Afasia II, 2008, steel and nitrogen, 27 9/16 x 27 9/16 x 19 11/16".

In the two main works comprising “Critical Mass,” his first solo exhibition in Germany, Italian artist Arcangelo Sassolino turns engineering devices into uncanny, subversively destructive objects. Sassolino employs physical forces—tension, weight, pressure—in ways that emphasize their destructive potential as partly controllable yet unpredictable. Made with help from engineers, Aphasia II, 2008, for example, consists of two steel end pieces of pipes used to channel gas, welded together to form a small rounded object encapsulating 250 bars of nitrogen (which is equivalent to nearly 750 cubic feet of space and around 700 tons of potential energy). The work refers to Marcel Duchamp’s bottled Air de Paris, 1919, as the press material notes, but replaces its fragile, almost romantic poetry with a machine aesthetic and a force that, if released, would blow up the gallery and its surroundings.

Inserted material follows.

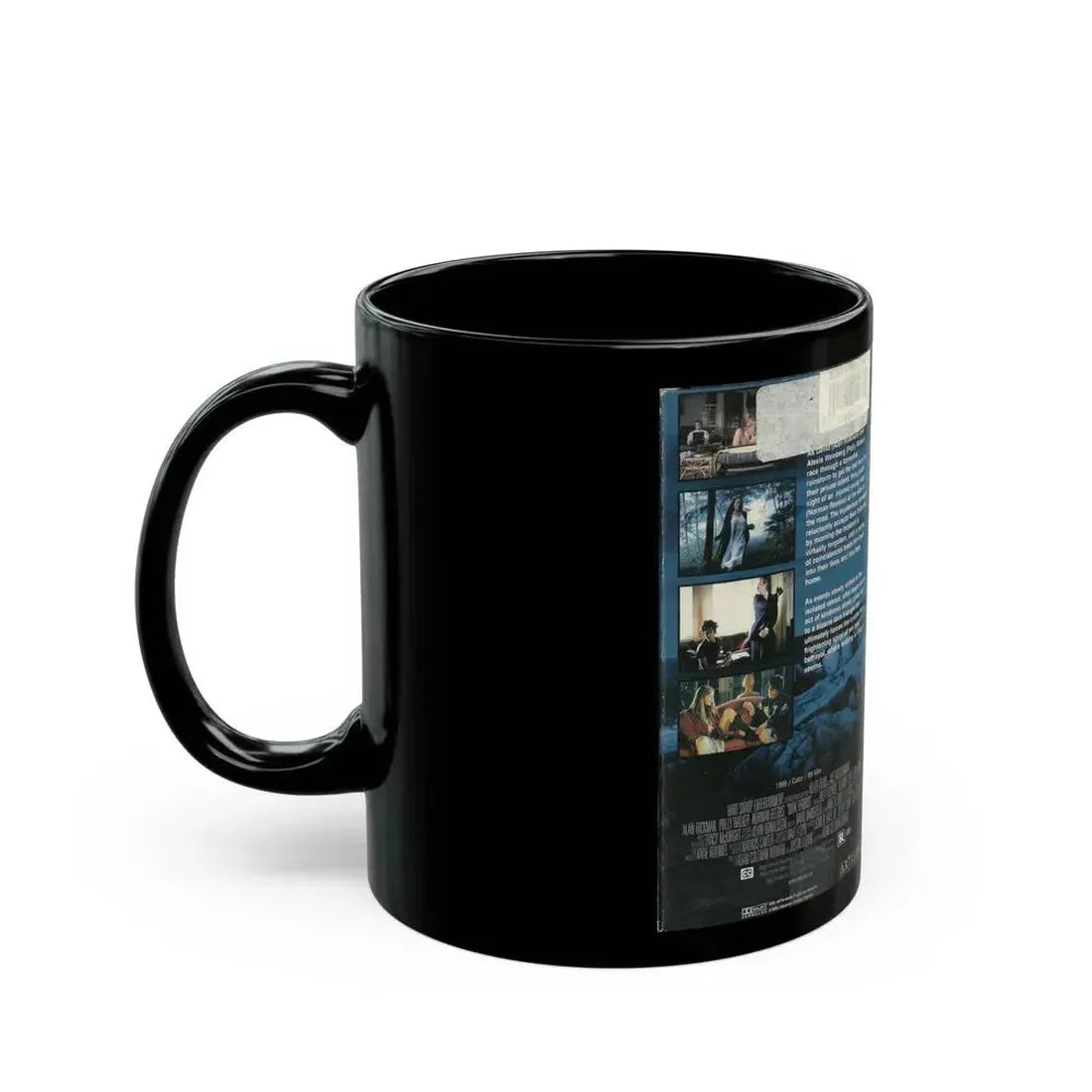 DARK HARBOR (VHS COVER) - Black Coffee Mug - Go Mug Yourself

The second work on view, Untitled, 2008, is a kinetic sculpture comprising a high-powered hydraulic piston that, when activated by the viewer’s presence, slowly and persistently pushes into the wooden block to which it is attached by steel cables. First, one hears eerie cracking sounds, then sharp splinters burst free as the block bends and ultimately breaks. The speed and results of the destruction vary according to what type of wood is used. It’s a fascinating yet disturbing demonstration that implicates the viewer in the process of machine defeating nature.